CRT implantation pearls

CRT implantation pearls

CRT implantation pearls: Screw in lead for LV pacing can be used only if the sheath can be taken deep down into the vein as it is not introduced over a guide wire. If after screwing in, the lead has a high impedance and the threshold is high, it is likely to be on the pericardial side of the vein. It may be unscrewed and another position sought. Screw tip is only 1 mm and may not produce significant bleeding on unscrewing from the pericardial side. Screwing to the myocardial side typically shows ST elevation on the lead tip electrogram due to the injury current. If threshold is not good, electronic configuration with pacing from proximal electrode or other combinations can be tried to improve efficacy. Issue with previous active fixation leads were that future removal or repositioning was not possible and they were also unipolar, preventing electronic configuration of pacing.

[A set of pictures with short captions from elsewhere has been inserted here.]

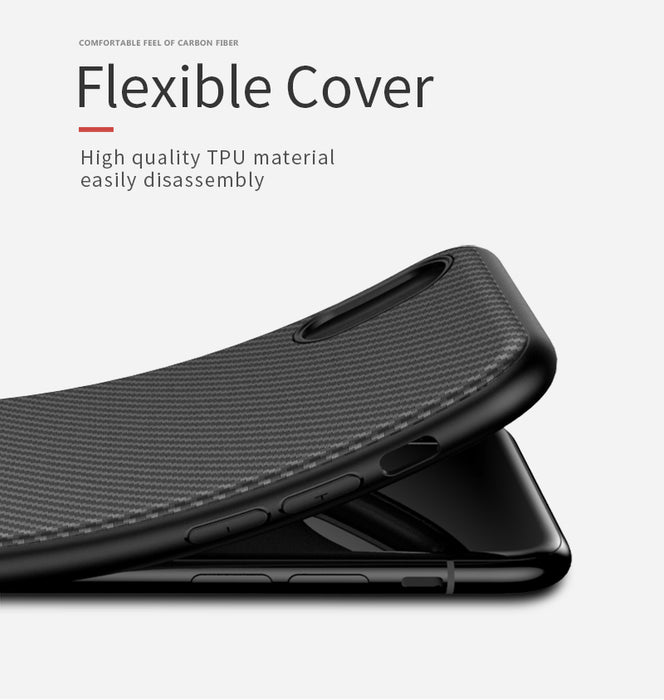 MANTIS Ultra thin Soft TPU Silicone Case For iPhone X Phone Bag Cover Fitted Cases - iDeviceCase.com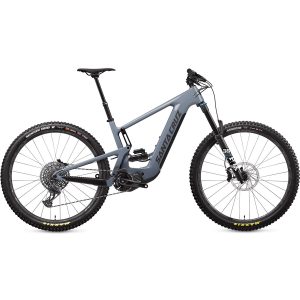 Santa Cruz Bicycles Heckler 29 Carbon S E-Bike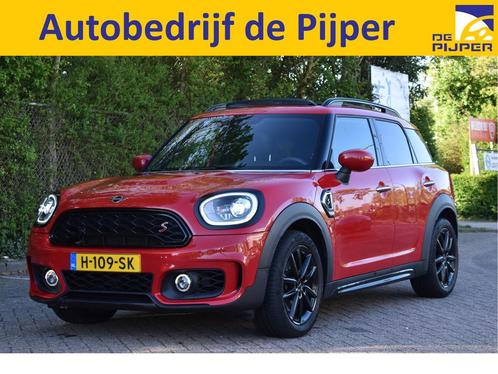 MINI Countryman 2.0 Cooper S 192 PK Hammersmith JCW | NL-Aut, Auto's, Mini, Bedrijf, Te koop, Countryman, ABS, Airbags, Airconditioning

Unlike in conventional pacing where we want to minimise ventricular pacing, in CRT we want full biventricular pacing to occur.This may mean programming shorter AV delay to prevent intrinsic conduction. Inappropriately long AV delay can also cause a tendency for MR. E-A fusion can cause diastolic MR, which in turn can worsen heart failure. Unduly short AV delay causes A wave truncation, which can also be associated with MR. Intra-atrial conduction delay due to atrial fibrosis can increase AV delay. Atrial septal pacing is useful in reducing intra-atrial conduction delay. Biatrial pacing is another option to synchronise the atrium. Drug therapy to slow AV conduction and prevent fusion is also useful to improve biventricular pacing in CRT. Echo guided optimisation of AV delay is also possible (Ritter’s method).

During V-V delay optimisation, in some cases an LV offset causing pre-excitation of the LV may improve cardiac output. In interventricular dyssynchrony RV ejects at LV end diastole.

Intraventricular dyssynchrony is manifest as QRS onset to pulmonary ejection compared to aortic ejection of more than 40 milliseconds, septal to posterior wall delay of more than 160 milliseconds or septal to lateral wall delay of more than 60 milliseconds in TVI. 3D synchronization is with colour coding of early and late contracting segments – early as green and late as red.

Maximum tracking rate has to be increased as heart failure status improves. This is for consistent pacing at higher rates needed during more activities permitted by better effort tolerance.

Transient worsening of renal function may be seen after CRT implantation due to the long procedure time. This may also cause worsening of heart failure. The longer procedure time also enhances the chances for infection. Subclavian vein thrombosis is another potential problem due to the presence of three leads and a sluggish circulation due to heart failure.